While it seems that Pezeshkian's relatively strong showing in the first round and promises of looser social curbs and negotiations to relieve sanctions convinced some of the 60 per cent of the absent voters to shed their apathy and come out to cast their ballot, it is also likely that the conservatives too mobilised more of their supporters.

The upshot is that all the votes that Qalibaf had garnered did not seamlessly transition to Jalili's account. While after the first round, several of his supporters, including his poll campaign manager, had openly declared that they would support Pezeshkian in the run-off, it seems the sentiment went in much deeper in his core support base.

Qualitatively too, the result offers some compelling insights.

Pezeshkian's vote base was not only the young and disenchanted voters or the country's ethnic minorities - given he is an Azeri himself - but some senior Iranian Revolutionary Guard Corps (IRGC) officials and high-ranking clerics too had come out in his support, apart from notable reformists like former Presidents Mohammad Khatami and Hasan Rouhani. 

Former Foreign Minister Javad Zarif was a mainstay of his election campaign.

On the other hand, Jalili, despite his close links to the Supreme Leader and the IRGC, was, by no means, the unanimous choice of the establishment.

Though Pourmohammadi, who was the real sensation of the election with his liberal stance on most issues and the acknowledgment of the concerns and aspirations of the absent voters, did not endorse anyone explicitly, his criticism of Jalili's past actions on FATF recommendations indicated where his preference lay.

What this seems to suggest is that despite appearances and (chiefly Western) perceptions, neither is the Iranian establishment a monolith structure, nor is Iranian politics limited to just two opposing distinct and united reformist or conservative camps, but is a more fluid system due to many different sub-groups with their own agendas and aspirations. 

This is true of the clerical establishment as well as the all-powerful (IRGC) - widely perceived as a state within the state.

And then, Pezeshkian's victory - on his second bid (he was not allowed to run in 2021) - restored the cyclical reformist-moderate/conservative-hardliner trend in Iranian politics, dating back to the 1989 Constitution. 

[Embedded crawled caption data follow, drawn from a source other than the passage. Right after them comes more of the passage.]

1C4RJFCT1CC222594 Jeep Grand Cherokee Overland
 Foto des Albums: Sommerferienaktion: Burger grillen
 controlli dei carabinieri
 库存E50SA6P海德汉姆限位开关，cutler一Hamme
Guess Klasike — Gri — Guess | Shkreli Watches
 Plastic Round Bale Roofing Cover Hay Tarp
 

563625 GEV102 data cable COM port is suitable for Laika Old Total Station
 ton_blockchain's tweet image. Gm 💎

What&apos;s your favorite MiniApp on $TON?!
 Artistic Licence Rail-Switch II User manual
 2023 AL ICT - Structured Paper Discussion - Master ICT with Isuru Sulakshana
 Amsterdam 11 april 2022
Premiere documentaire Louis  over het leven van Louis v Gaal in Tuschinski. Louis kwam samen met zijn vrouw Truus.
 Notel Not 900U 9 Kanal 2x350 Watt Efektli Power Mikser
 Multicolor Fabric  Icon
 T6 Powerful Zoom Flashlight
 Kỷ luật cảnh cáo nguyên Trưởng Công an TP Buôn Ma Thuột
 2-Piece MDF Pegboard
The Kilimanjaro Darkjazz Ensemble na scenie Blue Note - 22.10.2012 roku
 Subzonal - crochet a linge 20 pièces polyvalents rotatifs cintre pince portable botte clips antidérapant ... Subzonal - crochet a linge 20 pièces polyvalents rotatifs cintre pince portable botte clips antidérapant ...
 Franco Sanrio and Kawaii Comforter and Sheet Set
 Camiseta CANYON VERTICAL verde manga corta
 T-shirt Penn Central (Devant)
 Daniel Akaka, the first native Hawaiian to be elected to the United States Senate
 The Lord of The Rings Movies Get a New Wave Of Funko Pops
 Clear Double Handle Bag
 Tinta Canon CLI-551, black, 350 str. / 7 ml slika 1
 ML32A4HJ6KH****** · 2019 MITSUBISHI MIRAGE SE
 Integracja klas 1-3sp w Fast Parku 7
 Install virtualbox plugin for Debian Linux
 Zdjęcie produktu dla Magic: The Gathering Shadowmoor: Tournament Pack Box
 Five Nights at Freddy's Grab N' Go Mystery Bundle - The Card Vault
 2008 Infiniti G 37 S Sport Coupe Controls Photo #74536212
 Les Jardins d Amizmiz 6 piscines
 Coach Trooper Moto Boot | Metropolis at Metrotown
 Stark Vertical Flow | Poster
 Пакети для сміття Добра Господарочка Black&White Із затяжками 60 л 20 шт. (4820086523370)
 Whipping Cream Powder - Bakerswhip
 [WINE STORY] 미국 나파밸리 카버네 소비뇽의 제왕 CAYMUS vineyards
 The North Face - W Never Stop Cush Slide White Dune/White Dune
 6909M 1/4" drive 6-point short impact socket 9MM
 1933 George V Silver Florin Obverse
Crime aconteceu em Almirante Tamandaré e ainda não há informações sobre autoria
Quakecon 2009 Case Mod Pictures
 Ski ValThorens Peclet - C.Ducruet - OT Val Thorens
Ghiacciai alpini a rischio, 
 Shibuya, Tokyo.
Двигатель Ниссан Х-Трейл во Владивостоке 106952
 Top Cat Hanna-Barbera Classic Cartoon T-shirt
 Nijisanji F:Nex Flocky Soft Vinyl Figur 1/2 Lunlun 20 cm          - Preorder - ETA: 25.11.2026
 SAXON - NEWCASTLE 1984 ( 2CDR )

He has also become the second layman President after populist conservative Mahmoud Ahmadinejad (2005-13), who also came to power after winning the run-off in 2005.

The future course of Pezeshkian is scarcely enviable. He will soon make good on his promises to the people on social justice and rights - especially, curbing the Morality Police, ending the economic malaise and high inflation, and on the other hand, move to negotiate the end - or at least, a moderation - of sanctions.

All this entails challenging domestic and foreign dimensions. At home, he will have to strike a balance between public expectations and the establishment's requirement to avoid disturbing the status quo.

On the external front, he will have to deal with the ongoing Gaza crisis and the outcome of the US elections later this year - with the prospect of the return of Donald Trump who had pulled the plug on the nuclear deal, adding to the headache. 

The rest of the West also does not seem very receptive, given that there haven't been congratulatory messages from Europe, unlike the Russian, Arab, Chinese, Indian, and Pakistani leaders.

Winning the election was less onerous, it seems.